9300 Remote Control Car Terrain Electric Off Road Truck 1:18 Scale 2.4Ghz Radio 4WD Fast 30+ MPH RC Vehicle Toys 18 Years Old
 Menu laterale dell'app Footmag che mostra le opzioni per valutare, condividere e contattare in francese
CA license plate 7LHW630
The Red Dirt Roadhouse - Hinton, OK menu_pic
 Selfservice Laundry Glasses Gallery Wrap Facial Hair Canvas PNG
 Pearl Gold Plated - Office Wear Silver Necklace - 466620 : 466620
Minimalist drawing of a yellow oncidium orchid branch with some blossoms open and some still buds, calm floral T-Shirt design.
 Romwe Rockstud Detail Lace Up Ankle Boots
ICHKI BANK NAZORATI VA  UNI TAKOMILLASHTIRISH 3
********************
### Work item
Print the material exactly as written, omitting nothing.

### Answer for this exercise
9300 Remote Control Car Terrain Electric Off Road Truck 1:18 Scale 2.4Ghz Radio 4WD Fast 30+ MPH RC Vehicle Toys 18 Years Old
 Menu laterale dell'app Footmag che mostra le opzioni per valutare, condividere e contattare in francese
CA license plate 7LHW630
The Red Dirt Roadhouse - Hinton, OK menu_pic
 Selfservice Laundry Glasses Gallery Wrap Facial Hair Canvas PNG
 Pearl Gold Plated - Office Wear Silver Necklace - 466620 : 466620
Minimalist drawing of a yellow oncidium orchid branch with some blossoms open and some still buds, calm floral T-Shirt design.
 Romwe Rockstud Detail Lace Up Ankle Boots
ICHKI BANK NAZORATI VA  UNI TAKOMILLASHTIRISH 3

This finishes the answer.